— Пошли, — сказала Сима, послушно шагая за Аленой.
Они возвращались молча, но было видно, что Симу мучает любопытство. Сели в машину, поехали обратно. Алену бил озноб.
— Ты замерзла, — сказала Сима. — Вон кафе у дороги — посидим там, погреемся. Выпьем горячего чаю…
— Ладно, — с трудом произнесла Алена. Она все еще не могла прийти в себя. Виктория Селетина, ангел с голубыми глазами и невинной улыбкой…
В пустом в этот час кафе им принесли большой фарфоровый чайник, стаканы, сахар на блюдечке… Алена взяла и заказала еще тарелку борща.
— А ты разве не голодна?
— Нет, — сказала Сима, маленькими глотками отпивая пустой чай (блюдечко с сахаром она демонстративно отодвинула от себя). — Я на диете, ты же знаешь. Вечером, может быть, позволю себе немного обезжиренного кефира…
— Симка, это не диета, это самое настоящее голодание, — буркнула Алена. — Не увлекайся…
— Алена, человек живет всего раз в жизни, — терпеливо произнесла Сима. — Если я буду толстой, Николя бросит меня. Другой мне не нужен…
— Ты не толстая.
— Нет, толстая!
Алена демонстративно принялась поглощать огненный борщ. Сима смотрела на нее ласково, без тени зависти.
— А ты с характером… — пробормотала Алена.
— Ты не знала?
— Нет. Сима…
— Что?
— Я не понимаю, зачем Селетину скрывать, что он вдовец?..
— Затем, что вдовцов не очень любят. Вдруг ты решишь, что он уморил свою жену…

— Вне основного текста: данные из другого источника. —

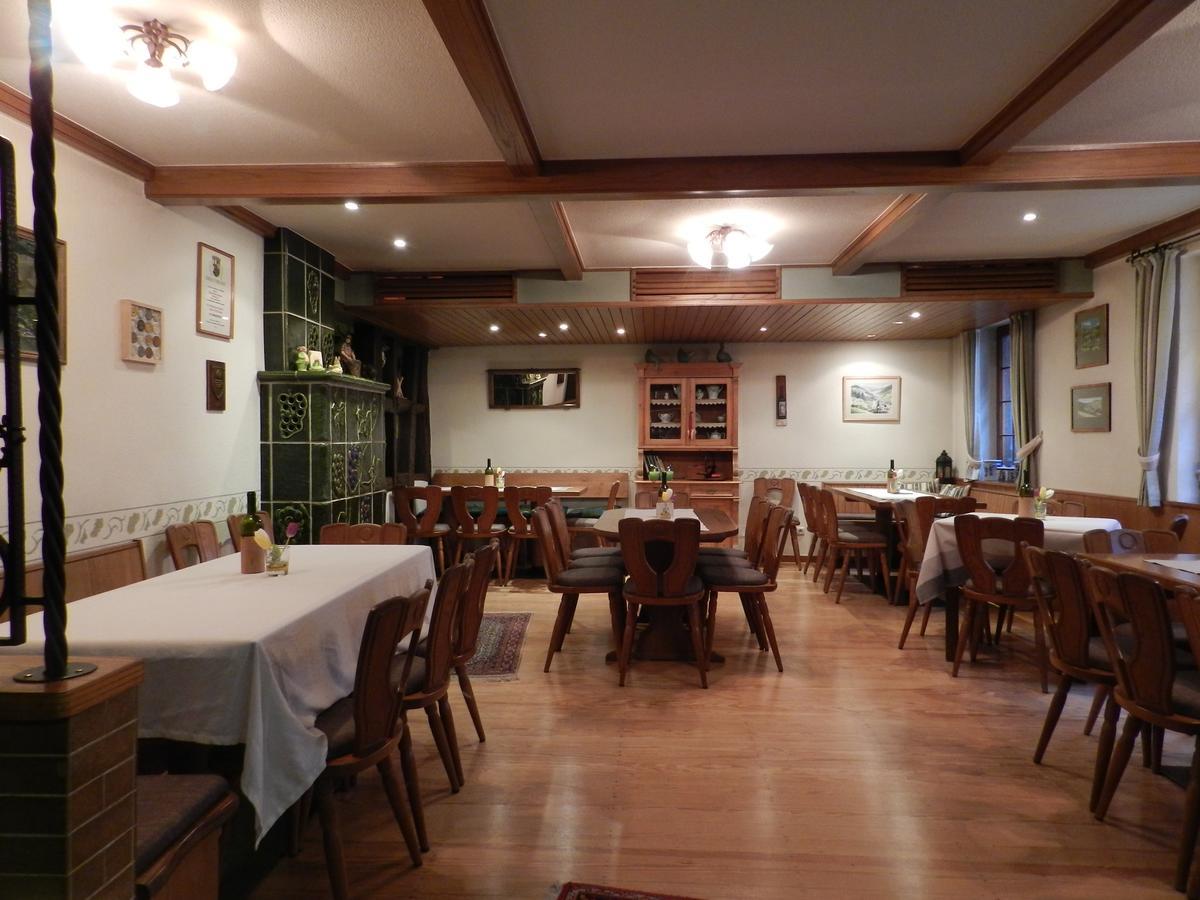 Weingut Stassen Hotel Oberheimbach Екстериор снимка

— Рома не мог никого уморить.
— Тогда это не его жена.
— А кто? Нет, это его жена! — Алена, злясь на себя, отодвинула пустую тарелку, принялась за чай. Постепенно горячее тепло разлилось по всему телу, щекам стало жарко… — И я вот еще что думаю — они вместе прожили довольно долго.
— Почему ты так думаешь?
— Потому что на холостяка он определенно не похож. И потом… — Алена понизила зачем-то голос, хотя за соседними столиками никого не было, а толстая официантка меланхолично смотрела какое-то ток-шоу по телевизору, подвешенному в углу зала, — …не забывай, что раньше он жил там, где я теперь снимаю квартиру. Тут никакой дедукции не надо — Роман Селетин со своей женой жили в ней до недавнего времени. Потом Виктория умерла — в декабре позапрошлого года, и Рома тут же решил переехать.
— Точно! — оживилась Сима. — После пережитой трагедии люди стараются поскорей уехать с того места, где она произошла! Ты права, Аленка, Виктория — его жена.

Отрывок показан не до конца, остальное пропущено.